Civil Servants are not perfect people and they are dealing with a system badly in need of reform.  However, there is no other group of people who can better tell us how to streamline government: what is most critical, what we can afford to let go, and how we can inject fiscal discipline into an admittedly broken system.  If Trump really wants to tackle inefficiency he should start by listening to federal workers, not declaring them to be the enemy.  He is demonizing the very people who could most help him reach his stated aim.

“Efficiency” is a smoke screen.  What Trump really wants is a government non-responsive to the needs of common American citizens.  Hopefully, eventually, the people who voted for him will come to that realization.

What if You Get it Wrong?

One thing is utterly lost on DOGE.  The federal government is not a corporation.  He is unable to understand that a government agency does more than just spend appropriated money.  Government agencies have very specific purposes–intangible purposes.  USAID, for instance, its purpose is American soft power.  The problem is that you can’t put a dollar value on that, and therefore in Musk’s mind it has no purpose.  But government is about all the things in life that you can’t put a dollar value on.

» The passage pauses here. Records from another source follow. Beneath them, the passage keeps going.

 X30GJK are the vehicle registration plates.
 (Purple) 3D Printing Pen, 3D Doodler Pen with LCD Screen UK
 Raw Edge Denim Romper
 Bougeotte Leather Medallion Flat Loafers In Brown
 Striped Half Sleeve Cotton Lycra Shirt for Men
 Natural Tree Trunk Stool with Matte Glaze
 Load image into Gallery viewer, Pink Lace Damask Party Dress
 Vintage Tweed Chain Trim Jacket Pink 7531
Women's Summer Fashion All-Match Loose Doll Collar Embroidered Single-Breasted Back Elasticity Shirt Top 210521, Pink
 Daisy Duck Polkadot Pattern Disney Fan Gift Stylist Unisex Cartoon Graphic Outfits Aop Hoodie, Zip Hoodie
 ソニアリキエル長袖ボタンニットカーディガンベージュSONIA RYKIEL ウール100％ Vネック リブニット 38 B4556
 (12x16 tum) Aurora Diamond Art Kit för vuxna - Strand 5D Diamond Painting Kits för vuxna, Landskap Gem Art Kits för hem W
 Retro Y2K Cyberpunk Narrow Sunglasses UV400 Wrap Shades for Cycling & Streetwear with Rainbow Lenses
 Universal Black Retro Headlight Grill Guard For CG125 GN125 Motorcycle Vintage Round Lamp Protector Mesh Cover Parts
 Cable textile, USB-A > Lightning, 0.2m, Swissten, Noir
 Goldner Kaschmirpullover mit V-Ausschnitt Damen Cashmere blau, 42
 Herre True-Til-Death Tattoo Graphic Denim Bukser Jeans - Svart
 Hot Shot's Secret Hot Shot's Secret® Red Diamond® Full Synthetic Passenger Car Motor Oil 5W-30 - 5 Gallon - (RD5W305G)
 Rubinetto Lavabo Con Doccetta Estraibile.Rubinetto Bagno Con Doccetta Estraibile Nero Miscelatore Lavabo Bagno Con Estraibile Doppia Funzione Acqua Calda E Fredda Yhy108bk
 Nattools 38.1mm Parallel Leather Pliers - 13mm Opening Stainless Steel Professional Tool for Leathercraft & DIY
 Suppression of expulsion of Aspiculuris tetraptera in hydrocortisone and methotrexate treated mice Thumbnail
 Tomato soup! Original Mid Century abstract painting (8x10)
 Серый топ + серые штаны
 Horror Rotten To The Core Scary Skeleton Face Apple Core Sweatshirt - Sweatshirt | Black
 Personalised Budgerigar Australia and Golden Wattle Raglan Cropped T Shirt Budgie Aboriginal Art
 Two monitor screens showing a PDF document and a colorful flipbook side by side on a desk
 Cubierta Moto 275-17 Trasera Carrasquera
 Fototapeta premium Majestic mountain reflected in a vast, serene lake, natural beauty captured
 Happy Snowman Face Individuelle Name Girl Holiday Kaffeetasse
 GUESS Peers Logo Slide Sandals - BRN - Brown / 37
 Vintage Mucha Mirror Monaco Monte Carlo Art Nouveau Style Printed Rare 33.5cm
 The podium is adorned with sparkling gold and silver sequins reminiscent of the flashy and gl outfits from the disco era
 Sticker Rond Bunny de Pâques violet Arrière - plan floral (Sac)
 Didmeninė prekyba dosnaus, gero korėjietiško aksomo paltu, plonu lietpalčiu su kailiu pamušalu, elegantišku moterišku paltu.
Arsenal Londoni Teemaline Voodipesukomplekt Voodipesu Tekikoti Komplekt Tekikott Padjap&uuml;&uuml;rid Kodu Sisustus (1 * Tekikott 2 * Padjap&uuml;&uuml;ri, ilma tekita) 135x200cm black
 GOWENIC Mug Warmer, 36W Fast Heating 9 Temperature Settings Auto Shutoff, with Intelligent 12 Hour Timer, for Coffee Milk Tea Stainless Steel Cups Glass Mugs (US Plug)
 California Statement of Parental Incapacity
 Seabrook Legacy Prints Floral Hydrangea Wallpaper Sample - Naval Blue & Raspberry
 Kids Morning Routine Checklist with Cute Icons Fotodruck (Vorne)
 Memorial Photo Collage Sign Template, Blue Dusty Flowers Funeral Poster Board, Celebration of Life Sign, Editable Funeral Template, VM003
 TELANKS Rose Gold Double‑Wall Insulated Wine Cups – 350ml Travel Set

Take something as seemingly economic as farm subsidies.  Being from a rural state I have seen Washington politicians convince themselves that things like crop insurance are solely economic matters.  Anybody who lives here will tell you differently.  The politics of farm subsidies is about what kind of farming we will have–the life and death of the family farm.  What seems to be a matter of mere money is in actuality an existential fight about what it means to be a farmer.  Money is not the point.

All of government works this way.  Things that seem to be about dollars and cents are really about the things that cannot be bought and sold.  By ensuring the government meets the needs of vulnerable populations, Social Security protects our democracy.  The Education Department provides oversight, ensuring kids have the resources they need to learn.  Expertise is a resource that cannot be bought.  

The biggest problem with Mr. Musk is recklessness. When SpaceX fails a rocket blows up.  When the government fails, a generation of children are not able to function as workers and citizens.  A “move fast and break things” approach may work in the corporate world where the worst thing that could happen is for your venture to go bankrupt.  But if the government goes bankrupt there is a lot more at stake than man never making it to Mars.  Millions of people will have their lives impacted in really serious ways.  I am all for reform.  Washington does need to be shaken up.  But no one has the right to just put a stop to the business of government.  If Twitter shuts down while Musk remakes the company people can’t Tweet.  If Musk shuts down USAID for a while millions of people who rely on emergency food aid will be in danger of dying of hunger.  

What we have never heard from anyone in the Trump team is an acknowledgement of the terrible responsibility that rests on their shoulders.   These people may be the smartest people in the room in Silicon Valley, but that doesn’t mean they are psychologically equipped to deal with a situation in which mistakes cannot be made, and where you have to get it right the first time.  We can live without Twitter.  Millions of people here and all over the world cannot live without the American government.  With power comes responsibility.  Have Trump and Musk ever, in their hubris, ever stopped to consider the consequences if they get this wrong?